I have to calculate the approximate electrostatic potential far from the origin for the following arrangement of three charges: +q at (0,0,a), -q at (0,a,0) and (0,-a,0). I have to give the final answer in spherical coordinates and keep the first two non-zero terms in the multipole expansion.
So the equation for the multipole expansion is:
V(r) = (1/4piEo)SUM(1/(r^(n+1)))*int(r')^n*Pn*cos(theta)*pho(r')dr'
The Attempt at a Solution
My main problem here is that I don't see the need for a multipole expansion, since we're taking the measurement far from the origin the charges will appear as a point charge. Also I'm pretty sure the total charge has to be zero to use the multipole expansion, but the total charge isn't zero here.

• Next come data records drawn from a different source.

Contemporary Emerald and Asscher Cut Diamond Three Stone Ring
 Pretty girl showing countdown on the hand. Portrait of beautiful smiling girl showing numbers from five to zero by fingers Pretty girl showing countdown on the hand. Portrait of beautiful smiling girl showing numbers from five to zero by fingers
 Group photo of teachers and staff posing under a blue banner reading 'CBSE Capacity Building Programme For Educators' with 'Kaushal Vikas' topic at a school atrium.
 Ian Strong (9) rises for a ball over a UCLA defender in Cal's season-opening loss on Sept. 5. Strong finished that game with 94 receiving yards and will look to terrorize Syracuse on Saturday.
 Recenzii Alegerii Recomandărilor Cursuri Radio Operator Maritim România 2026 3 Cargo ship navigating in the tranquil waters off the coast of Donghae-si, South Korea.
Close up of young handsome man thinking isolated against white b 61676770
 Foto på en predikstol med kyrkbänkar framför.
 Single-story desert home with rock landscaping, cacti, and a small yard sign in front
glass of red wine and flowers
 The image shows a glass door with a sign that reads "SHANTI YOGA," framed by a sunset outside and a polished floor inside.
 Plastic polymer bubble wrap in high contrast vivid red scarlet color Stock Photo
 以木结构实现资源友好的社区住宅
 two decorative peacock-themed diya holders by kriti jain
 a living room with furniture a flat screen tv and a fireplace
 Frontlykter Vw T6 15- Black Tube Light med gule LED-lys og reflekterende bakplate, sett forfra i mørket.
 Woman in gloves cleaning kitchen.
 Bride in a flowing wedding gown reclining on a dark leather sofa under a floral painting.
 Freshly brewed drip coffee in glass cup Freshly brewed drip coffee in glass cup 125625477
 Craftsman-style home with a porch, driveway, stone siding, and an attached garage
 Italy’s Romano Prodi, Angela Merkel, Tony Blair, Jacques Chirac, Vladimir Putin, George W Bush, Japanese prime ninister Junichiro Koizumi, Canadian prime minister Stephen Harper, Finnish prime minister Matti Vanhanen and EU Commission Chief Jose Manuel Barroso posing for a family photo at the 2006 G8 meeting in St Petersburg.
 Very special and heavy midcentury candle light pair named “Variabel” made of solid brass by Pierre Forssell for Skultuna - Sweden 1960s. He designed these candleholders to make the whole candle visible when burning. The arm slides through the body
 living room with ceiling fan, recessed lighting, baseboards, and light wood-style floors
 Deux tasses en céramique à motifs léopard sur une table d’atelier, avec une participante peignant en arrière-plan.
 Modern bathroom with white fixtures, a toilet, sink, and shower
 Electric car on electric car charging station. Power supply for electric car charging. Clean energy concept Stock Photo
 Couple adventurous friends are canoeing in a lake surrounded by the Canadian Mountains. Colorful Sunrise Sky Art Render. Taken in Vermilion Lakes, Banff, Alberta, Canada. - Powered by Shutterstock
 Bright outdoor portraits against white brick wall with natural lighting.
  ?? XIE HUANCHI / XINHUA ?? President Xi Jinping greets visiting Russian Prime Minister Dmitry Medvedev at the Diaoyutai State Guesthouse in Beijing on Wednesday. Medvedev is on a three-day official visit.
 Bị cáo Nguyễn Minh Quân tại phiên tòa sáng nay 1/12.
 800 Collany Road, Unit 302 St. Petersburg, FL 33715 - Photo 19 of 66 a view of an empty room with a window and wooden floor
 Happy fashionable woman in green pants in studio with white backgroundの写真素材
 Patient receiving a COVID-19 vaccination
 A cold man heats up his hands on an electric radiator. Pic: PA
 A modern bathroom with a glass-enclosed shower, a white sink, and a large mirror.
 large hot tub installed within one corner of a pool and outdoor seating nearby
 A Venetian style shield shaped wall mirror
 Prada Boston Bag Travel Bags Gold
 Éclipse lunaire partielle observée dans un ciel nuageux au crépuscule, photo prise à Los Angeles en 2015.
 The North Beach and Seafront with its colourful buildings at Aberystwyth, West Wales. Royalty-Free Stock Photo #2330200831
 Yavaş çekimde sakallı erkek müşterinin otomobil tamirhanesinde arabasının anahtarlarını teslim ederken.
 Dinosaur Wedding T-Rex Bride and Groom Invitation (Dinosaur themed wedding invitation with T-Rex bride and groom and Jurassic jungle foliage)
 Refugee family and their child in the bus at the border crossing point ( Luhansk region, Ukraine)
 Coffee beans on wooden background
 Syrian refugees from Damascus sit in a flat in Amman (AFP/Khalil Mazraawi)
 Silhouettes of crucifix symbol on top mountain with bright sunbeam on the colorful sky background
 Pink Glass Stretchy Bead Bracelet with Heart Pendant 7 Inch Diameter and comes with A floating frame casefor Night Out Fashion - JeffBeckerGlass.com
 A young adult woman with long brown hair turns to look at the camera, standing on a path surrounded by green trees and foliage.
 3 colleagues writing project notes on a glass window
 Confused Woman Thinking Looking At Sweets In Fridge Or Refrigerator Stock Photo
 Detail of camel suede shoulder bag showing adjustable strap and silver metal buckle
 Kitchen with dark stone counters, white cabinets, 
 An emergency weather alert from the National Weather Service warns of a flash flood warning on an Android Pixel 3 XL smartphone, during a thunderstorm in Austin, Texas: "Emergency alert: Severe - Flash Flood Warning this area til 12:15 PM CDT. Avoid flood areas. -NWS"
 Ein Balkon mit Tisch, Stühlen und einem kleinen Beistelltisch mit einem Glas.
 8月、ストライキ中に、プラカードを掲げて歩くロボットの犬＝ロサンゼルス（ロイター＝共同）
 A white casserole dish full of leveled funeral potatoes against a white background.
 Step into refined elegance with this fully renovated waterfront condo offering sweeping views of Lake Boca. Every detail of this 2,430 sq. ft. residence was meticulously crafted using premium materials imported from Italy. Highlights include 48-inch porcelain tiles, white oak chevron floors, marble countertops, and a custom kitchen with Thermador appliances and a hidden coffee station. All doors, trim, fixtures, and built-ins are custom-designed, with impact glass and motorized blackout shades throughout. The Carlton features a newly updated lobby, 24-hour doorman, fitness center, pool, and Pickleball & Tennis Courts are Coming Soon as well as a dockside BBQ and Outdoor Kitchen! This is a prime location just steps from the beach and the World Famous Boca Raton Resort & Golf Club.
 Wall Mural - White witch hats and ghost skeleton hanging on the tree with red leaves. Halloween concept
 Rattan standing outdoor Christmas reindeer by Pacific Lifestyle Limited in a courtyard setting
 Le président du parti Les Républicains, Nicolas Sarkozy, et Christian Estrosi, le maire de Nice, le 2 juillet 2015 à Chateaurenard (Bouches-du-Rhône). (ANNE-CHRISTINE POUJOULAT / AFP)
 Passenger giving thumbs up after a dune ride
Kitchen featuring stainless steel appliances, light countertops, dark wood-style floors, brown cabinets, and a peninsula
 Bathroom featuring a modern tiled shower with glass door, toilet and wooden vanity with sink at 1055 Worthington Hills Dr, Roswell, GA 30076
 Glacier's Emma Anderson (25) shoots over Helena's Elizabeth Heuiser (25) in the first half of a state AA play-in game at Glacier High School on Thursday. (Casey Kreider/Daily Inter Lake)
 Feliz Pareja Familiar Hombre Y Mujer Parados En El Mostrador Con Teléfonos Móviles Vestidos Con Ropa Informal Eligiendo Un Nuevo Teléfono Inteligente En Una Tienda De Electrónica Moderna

What I've got is a triangle on the z-y axes, with a point on the x-axis where I'm measuring the potential. I've got
V(x,y,z)= (1/4*piEo)(q/L - q/D - q/S), where L, D and S are the distances from the charges to the point of observation, and I've drawn them such that L=D=S= sqrt(a^2 + x^2)
This doesn't really work, since two of the charges cancel out and leave one of the negative charges as the sole contributor to the potential. Also I think I've missed the point of the question by placing the point of observation on the x-axis.
I think I should rewrite the integral for the potential for the multipole expansion as a point charge distribution, but I'm not sure how to go about that.